The analysis revealed that several sensors had been used for validation purposes, including laser displacement sensors [32,34,41,42,49,70,74,76,82], accelerometers [32,33,34,50,51,53,55,59,61,64,65,66,67,68,76], IMU [60], linear variable differential transformers [34,36,41,50,54,61,66,67,73], laser Doppler vibrometers [38,46], stationary cameras [42,75,83], actuators [71], laser trackers [81], infrared sensors [48], and marker-based systems [44,73]. Marker-based systems are routinely used in other fields (such as medicine), where they are the traditional reference systems for motion capture and analysis. However, for specific measurements, such as displacement estimation, marker-based systems can also be successfully employed in SHM to compare the performance and accuracy of the proposed algorithms, thanks to retro-reflective markers applied to target locations on infrastructure-scale models. All the studies adopted the mentioned sensors as the gold standard with which to compare the performance, accuracy, and measurements of the proposed vision-based solutions. Figure 4 shows the percentage breakdown regarding the most common sensors used for validation purposes, as revealed by the analysis of the studies in Table 1. It is important to note that some studies adopted more than one type of sensor to validate their proposed solution. In addition, there is a high percentage related to accelerometers because many of the studies aimed to estimate infrastructure vibration, generally from displacement measurements.
Figure 4.
Percentage distribution of sensors used for validation purposes, emerging from VSS studies (Table 1).
In other studies, however, validation with other sensors was not performed, but rather a performance comparison was conducted between algorithms or devices, indirect measurements, or actual observations. For example, in [37], estimated displacements were compared with actuator-generated movements and stationary targets. In [39,47,63], only a comparison between algorithms was performed. In [40,45,52,56,57,58,62,69,72,77,78,79,80,85] a comparison with damage, deformation, and, in general, real-world manual measurements was performed. Finally, a proof of concept was provided in [84], with only qualitative results.
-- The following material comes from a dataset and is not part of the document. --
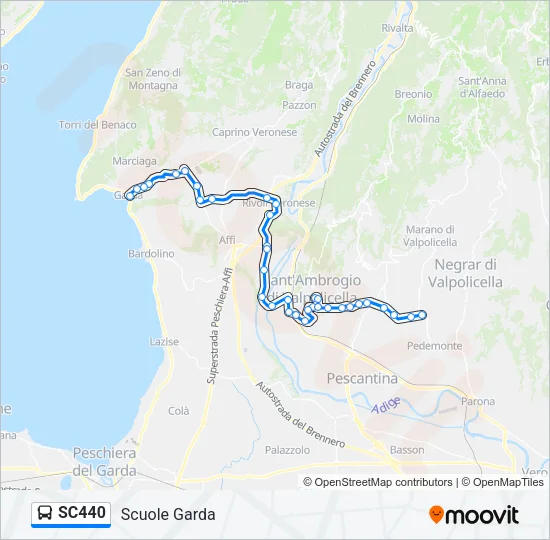 SC440 Bus Line Map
3.2.3. Experimental and Real-World Scenarios
Implementing vision systems, especially in the case of SHM, implies addressing typical problems, including environmental conditions (for example, lighting and weather events), long-distance measurements, calibration procedures, and stability issues. The in-depth analysis revealed that many studies implemented experimental tests to verify the effectiveness of the proposed solutions only in controlled experimental scenarios.
In many cases, the authors chose experimental indoor scenarios because these allowed the effects of environmental conditions to be limited and solutions to be tested only on scaled models. This choice applies to the following studies: [34,40,41,42,44,45,48,49,50,51,53,54,55,58,59,60,61,62,63,64,66,67,69,70,71,72,73,74,75,76,77,78,80,81,82]. In a few cases, the experimental scenarios were outdoors where, on the other hand, it was necessary to consider, at least in part, the environmental conditions and the problems previously indicated, testing the solution on scale models in most cases as well. The following studies chose this option: [32,36,65].
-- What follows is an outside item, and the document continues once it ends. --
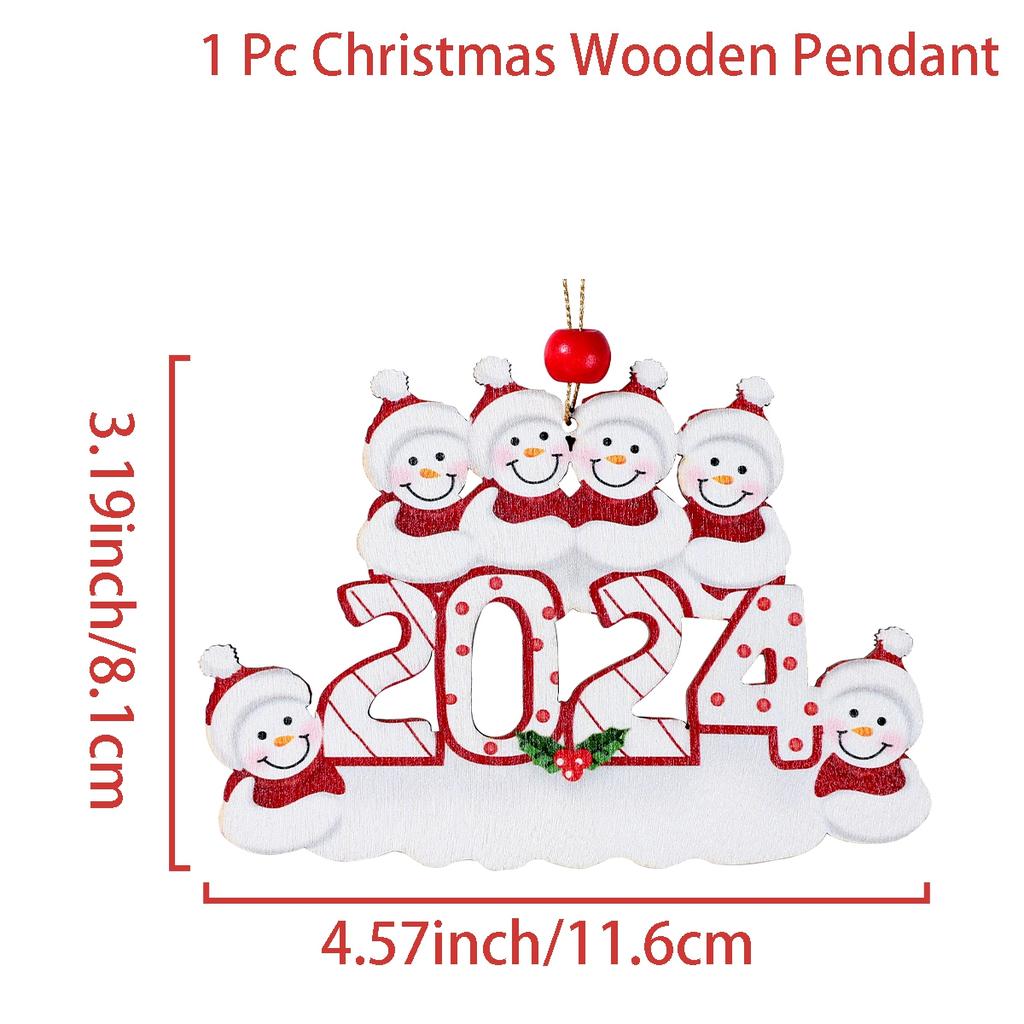 Christmas Family Pendant Navidad Natal Noel Tree Hanging Ornament Merry Christmas Decorations For Home 2025 Happy New Year 2025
In addition, some of the studies that implemented experimental tests in indoor or outdoor scenarios also ventured out into the field, verifying the behavior of the proposed solutions in real-world environments and on full-scale targets, that is, under more challenging conditions. This is the case for [32,34,38,40,41,45,55,60,66,69,71,75,81,82].
In contrast, the authors of [39,46,47,52,56,68,79,83,84,85] tested the proposed solution only directly on real scenarios. The authors of [48] also mentioned an in-field experiment (i.e., estimation of building vibration using a video recorded from the roof of a building). However, they did not present any results regarding this experiment.
Finally, a few studies only verified the proposed solutions through numerical simulations [33,37,57]. In [69,71], numerical simulations were used to validate part of the proposed framework before experimental and in-field tests.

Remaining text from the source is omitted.